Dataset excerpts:
<<<<

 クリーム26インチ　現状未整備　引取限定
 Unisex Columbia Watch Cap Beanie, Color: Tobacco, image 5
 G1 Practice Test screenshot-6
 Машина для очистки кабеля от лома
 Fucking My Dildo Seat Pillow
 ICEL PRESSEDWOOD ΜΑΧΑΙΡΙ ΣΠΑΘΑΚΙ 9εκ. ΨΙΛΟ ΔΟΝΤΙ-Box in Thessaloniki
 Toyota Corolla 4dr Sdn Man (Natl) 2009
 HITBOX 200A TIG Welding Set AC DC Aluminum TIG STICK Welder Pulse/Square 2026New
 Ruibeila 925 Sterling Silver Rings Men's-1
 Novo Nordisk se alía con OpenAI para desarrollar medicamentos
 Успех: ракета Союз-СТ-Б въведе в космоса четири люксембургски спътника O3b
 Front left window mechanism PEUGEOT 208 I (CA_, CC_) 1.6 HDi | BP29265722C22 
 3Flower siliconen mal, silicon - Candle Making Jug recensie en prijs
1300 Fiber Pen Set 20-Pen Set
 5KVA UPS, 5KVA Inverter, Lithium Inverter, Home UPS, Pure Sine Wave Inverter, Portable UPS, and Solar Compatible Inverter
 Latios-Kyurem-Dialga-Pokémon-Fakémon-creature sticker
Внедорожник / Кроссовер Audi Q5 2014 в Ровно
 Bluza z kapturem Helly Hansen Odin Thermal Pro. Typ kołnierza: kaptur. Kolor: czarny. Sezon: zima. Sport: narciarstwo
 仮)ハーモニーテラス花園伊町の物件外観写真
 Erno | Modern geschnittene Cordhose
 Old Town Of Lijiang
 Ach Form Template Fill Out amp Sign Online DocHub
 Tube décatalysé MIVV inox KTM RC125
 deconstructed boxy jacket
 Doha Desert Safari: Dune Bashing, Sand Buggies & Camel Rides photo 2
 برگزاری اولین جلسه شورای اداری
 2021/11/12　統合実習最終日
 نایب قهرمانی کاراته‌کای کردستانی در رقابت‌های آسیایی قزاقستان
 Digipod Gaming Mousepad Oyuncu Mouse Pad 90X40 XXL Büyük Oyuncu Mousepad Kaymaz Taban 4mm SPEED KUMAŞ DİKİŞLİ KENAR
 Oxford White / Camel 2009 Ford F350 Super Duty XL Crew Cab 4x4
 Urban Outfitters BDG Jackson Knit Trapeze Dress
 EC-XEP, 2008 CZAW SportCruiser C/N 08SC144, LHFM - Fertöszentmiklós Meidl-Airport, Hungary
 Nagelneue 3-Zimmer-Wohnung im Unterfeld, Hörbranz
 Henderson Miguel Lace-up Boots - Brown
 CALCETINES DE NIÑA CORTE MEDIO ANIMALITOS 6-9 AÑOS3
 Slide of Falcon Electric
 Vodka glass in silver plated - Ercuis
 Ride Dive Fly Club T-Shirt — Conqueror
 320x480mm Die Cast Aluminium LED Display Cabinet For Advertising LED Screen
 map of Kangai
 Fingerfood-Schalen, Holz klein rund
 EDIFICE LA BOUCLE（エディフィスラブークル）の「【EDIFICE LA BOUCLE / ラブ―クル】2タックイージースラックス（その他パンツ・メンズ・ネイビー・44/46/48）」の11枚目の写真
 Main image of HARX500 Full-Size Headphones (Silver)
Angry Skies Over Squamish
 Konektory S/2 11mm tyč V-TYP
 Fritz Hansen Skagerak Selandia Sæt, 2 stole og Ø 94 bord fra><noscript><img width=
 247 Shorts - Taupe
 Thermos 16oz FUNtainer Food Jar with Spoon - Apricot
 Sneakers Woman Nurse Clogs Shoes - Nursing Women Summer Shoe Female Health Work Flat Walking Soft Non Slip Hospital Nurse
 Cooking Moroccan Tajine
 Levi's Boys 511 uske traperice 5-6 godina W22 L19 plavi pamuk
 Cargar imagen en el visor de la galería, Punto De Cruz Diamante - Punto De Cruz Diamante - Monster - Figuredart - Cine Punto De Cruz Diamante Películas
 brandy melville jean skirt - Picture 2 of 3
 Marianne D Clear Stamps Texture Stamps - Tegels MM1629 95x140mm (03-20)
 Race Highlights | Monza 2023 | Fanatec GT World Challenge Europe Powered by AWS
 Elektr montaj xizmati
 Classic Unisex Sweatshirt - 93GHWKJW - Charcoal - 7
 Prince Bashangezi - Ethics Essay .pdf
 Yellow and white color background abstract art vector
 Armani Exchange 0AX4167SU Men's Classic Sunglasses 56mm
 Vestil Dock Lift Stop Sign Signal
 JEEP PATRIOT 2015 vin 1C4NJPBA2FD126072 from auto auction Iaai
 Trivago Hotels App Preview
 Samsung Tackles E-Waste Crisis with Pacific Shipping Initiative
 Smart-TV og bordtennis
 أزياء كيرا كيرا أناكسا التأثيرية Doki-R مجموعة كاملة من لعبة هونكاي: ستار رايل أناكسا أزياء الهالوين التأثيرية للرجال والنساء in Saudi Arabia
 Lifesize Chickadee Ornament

>>>>

■ Task directions:
Only the line that contains "Armani Exchange 0AX4167SU" and the lines after it, through the end of the data above, are to be repeated exactly.

■ Result for this task:
 Armani Exchange 0AX4167SU Men's Classic Sunglasses 56mm
 Vestil Dock Lift Stop Sign Signal
 JEEP PATRIOT 2015 vin 1C4NJPBA2FD126072 from auto auction Iaai
 Trivago Hotels App Preview
 Samsung Tackles E-Waste Crisis with Pacific Shipping Initiative
 Smart-TV og bordtennis
 أزياء كيرا كيرا أناكسا التأثيرية Doki-R مجموعة كاملة من لعبة هونكاي: ستار رايل أناكسا أزياء الهالوين التأثيرية للرجال والنساء in Saudi Arabia
 Lifesize Chickadee Ornament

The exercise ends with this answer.